Retype, word for word, each line between the lines holding "Nommi Beaded Pen" and "SS26 Niccolò Pasqualetti Look 8", inclusive, and leave the rest of the data alone.

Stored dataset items

========

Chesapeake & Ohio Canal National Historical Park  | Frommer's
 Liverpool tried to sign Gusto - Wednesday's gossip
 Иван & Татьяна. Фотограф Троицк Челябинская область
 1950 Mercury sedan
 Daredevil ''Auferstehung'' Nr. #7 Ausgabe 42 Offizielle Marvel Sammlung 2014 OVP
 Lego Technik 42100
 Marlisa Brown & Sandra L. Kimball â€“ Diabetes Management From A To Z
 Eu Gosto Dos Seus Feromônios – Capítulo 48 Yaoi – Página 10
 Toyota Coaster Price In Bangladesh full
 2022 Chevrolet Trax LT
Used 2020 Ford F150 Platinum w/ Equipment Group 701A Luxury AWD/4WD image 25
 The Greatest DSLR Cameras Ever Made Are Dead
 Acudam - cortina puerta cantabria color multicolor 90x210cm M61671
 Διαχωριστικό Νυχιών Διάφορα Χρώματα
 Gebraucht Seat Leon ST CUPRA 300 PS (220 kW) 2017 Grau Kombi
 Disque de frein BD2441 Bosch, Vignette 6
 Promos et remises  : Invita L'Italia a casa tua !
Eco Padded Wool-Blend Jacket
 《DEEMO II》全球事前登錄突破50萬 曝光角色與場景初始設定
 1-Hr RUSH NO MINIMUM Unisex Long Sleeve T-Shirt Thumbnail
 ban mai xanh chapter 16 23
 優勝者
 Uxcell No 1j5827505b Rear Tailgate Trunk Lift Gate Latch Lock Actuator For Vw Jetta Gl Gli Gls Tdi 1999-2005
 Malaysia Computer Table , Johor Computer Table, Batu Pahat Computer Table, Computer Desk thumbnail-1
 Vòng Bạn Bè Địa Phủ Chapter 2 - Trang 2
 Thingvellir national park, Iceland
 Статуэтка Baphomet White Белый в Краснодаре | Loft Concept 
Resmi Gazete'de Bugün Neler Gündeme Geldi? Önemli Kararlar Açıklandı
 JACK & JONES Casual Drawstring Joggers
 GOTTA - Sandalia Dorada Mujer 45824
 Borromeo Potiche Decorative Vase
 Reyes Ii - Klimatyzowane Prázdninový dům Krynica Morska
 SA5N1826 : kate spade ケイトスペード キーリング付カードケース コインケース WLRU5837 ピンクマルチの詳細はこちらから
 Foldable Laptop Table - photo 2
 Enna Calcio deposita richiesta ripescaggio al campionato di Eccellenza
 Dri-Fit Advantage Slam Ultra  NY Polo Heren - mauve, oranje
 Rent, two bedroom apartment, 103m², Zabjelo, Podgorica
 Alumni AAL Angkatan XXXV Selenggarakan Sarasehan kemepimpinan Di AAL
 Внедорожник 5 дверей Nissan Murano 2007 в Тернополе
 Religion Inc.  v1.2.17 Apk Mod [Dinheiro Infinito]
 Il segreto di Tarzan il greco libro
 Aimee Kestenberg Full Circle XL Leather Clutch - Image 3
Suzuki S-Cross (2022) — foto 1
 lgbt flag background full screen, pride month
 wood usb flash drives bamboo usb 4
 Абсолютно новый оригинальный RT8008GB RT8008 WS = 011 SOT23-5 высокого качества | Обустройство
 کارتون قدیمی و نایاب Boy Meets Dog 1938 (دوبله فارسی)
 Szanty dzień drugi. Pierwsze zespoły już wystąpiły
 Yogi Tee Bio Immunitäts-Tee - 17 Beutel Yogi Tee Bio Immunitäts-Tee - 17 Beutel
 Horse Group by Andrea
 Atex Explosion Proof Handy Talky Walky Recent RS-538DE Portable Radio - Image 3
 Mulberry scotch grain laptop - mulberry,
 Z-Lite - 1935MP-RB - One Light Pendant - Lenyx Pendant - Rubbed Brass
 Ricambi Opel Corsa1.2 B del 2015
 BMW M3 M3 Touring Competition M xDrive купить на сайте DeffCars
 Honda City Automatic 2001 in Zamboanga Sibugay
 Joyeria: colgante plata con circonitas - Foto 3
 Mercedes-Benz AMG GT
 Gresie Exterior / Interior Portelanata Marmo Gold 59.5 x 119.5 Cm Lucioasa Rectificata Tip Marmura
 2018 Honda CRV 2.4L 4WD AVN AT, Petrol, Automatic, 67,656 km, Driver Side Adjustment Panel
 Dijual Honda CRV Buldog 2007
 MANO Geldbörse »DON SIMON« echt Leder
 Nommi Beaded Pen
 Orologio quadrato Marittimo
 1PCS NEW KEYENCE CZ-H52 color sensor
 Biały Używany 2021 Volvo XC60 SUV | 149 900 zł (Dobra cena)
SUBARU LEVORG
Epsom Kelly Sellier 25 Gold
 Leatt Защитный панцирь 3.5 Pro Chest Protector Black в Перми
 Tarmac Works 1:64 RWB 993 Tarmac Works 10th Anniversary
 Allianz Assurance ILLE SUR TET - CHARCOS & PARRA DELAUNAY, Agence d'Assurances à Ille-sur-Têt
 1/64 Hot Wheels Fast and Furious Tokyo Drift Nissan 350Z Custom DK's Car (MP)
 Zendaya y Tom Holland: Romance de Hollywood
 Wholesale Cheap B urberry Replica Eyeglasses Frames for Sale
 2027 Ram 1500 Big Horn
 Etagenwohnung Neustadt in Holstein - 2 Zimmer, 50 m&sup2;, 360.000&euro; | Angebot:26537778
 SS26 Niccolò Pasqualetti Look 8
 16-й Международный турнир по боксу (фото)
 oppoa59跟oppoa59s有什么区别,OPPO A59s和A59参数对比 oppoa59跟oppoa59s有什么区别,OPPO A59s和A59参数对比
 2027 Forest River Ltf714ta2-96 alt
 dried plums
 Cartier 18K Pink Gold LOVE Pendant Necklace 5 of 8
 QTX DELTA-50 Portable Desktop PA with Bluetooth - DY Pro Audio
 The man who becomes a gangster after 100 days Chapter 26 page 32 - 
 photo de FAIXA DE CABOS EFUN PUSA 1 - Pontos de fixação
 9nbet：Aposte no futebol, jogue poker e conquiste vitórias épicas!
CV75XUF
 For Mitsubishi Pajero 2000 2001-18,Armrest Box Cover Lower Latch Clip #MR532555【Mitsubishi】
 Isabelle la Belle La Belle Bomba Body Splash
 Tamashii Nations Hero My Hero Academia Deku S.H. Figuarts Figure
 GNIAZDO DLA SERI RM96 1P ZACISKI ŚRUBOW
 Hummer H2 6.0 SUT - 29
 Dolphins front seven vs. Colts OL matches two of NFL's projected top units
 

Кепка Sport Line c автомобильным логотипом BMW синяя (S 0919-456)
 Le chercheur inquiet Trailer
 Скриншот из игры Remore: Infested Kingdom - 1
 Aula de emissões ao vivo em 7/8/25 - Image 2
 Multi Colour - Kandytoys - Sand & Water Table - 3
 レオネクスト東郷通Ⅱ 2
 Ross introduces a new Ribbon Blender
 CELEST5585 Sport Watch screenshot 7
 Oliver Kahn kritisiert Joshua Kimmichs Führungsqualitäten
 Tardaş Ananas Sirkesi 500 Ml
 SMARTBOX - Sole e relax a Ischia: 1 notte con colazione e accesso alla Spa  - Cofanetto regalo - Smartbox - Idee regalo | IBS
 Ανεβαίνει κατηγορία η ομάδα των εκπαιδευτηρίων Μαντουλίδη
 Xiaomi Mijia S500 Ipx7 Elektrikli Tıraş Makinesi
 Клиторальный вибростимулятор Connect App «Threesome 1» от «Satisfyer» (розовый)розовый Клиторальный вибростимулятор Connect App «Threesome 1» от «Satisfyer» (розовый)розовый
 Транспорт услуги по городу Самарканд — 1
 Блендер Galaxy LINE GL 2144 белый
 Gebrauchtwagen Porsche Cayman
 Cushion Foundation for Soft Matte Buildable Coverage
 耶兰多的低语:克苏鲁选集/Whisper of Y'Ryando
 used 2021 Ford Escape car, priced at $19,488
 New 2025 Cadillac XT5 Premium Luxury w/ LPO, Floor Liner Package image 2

========

◆ **Written answer**
 Nommi Beaded Pen
 Orologio quadrato Marittimo
 1PCS NEW KEYENCE CZ-H52 color sensor
 Biały Używany 2021 Volvo XC60 SUV | 149 900 zł (Dobra cena)
SUBARU LEVORG
Epsom Kelly Sellier 25 Gold
 Leatt Защитный панцирь 3.5 Pro Chest Protector Black в Перми
 Tarmac Works 1:64 RWB 993 Tarmac Works 10th Anniversary
 Allianz Assurance ILLE SUR TET - CHARCOS & PARRA DELAUNAY, Agence d'Assurances à Ille-sur-Têt
 1/64 Hot Wheels Fast and Furious Tokyo Drift Nissan 350Z Custom DK's Car (MP)
 Zendaya y Tom Holland: Romance de Hollywood
 Wholesale Cheap B urberry Replica Eyeglasses Frames for Sale
 2027 Ram 1500 Big Horn
 Etagenwohnung Neustadt in Holstein - 2 Zimmer, 50 m&sup2;, 360.000&euro; | Angebot:26537778
 SS26 Niccolò Pasqualetti Look 8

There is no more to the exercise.